● THE PROBLEM
Using only the entries below, copy exactly the lines that begin at the one with "Jeux et paris sportifs chez Robycasino" and end at the one with "TU Career Center Beratung am Welcome Day", both included. Drop the pictures.

● DATA TO PROCESS
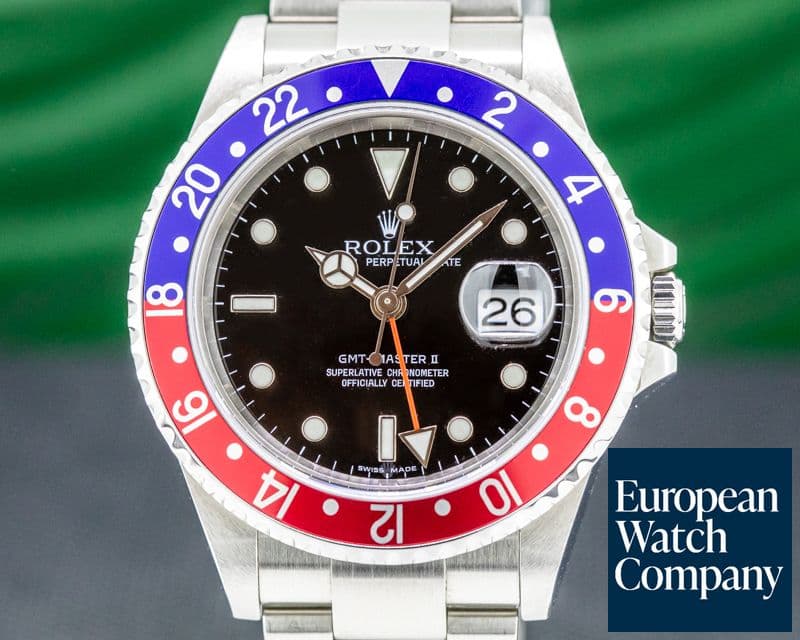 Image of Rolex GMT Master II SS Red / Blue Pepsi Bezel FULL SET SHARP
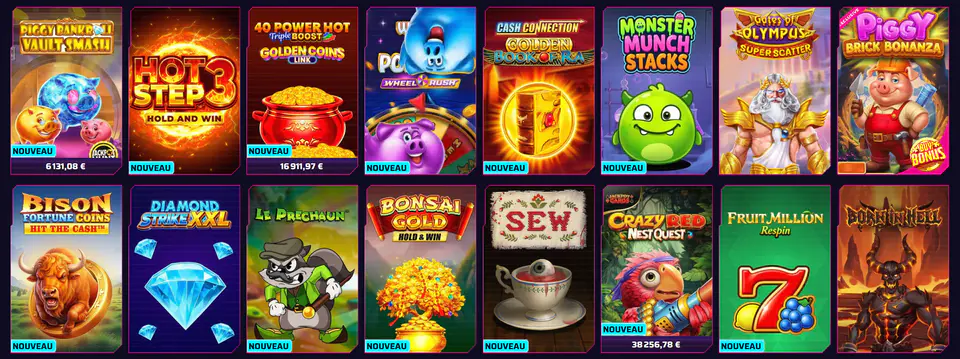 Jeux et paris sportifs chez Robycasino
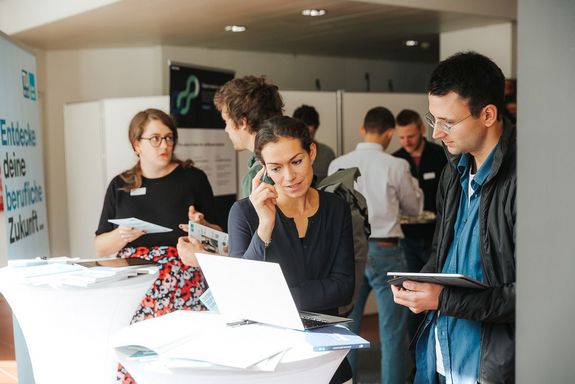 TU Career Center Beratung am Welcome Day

* * *

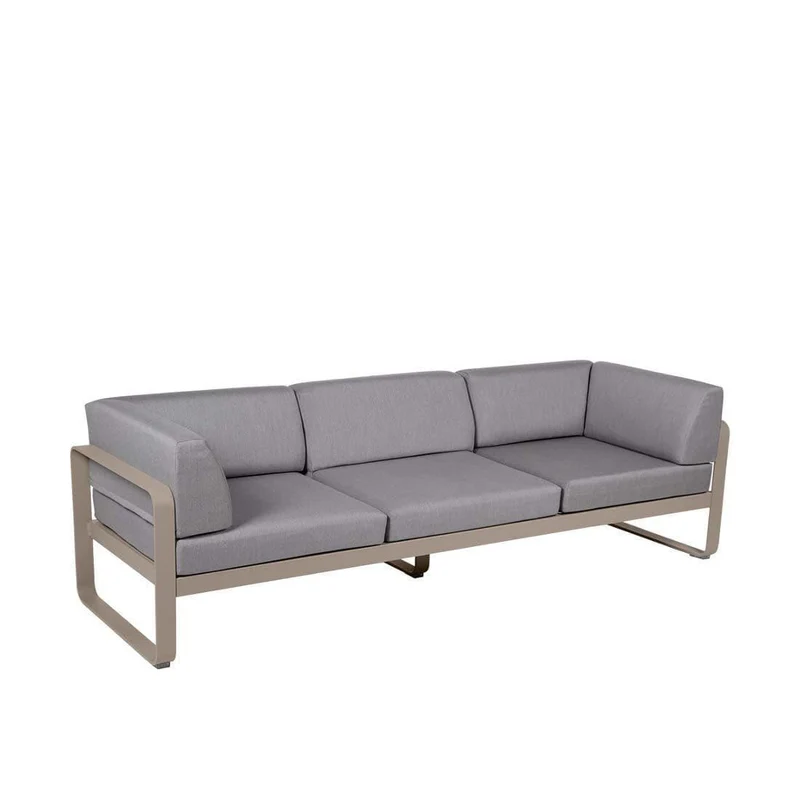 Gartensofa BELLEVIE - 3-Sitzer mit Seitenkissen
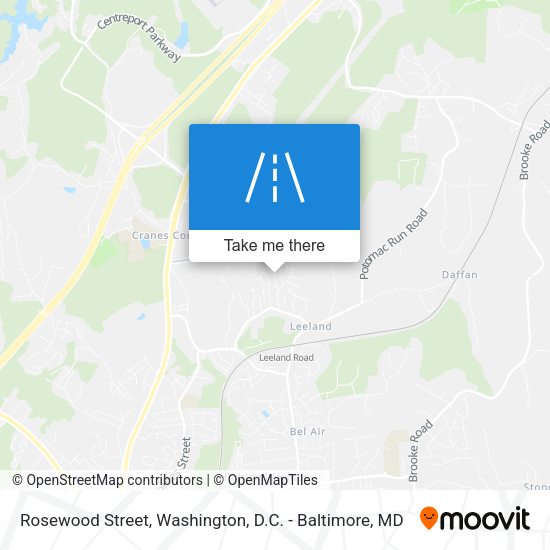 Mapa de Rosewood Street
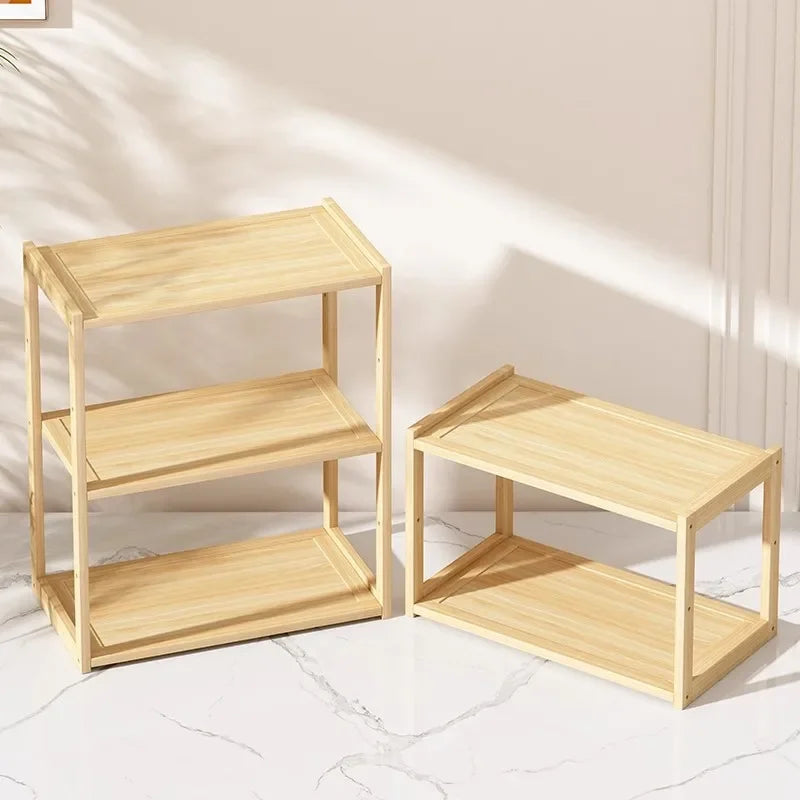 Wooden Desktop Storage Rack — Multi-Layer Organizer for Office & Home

● YOUR RESPONSE
 Jeux et paris sportifs chez Robycasino
 TU Career Center Beratung am Welcome Day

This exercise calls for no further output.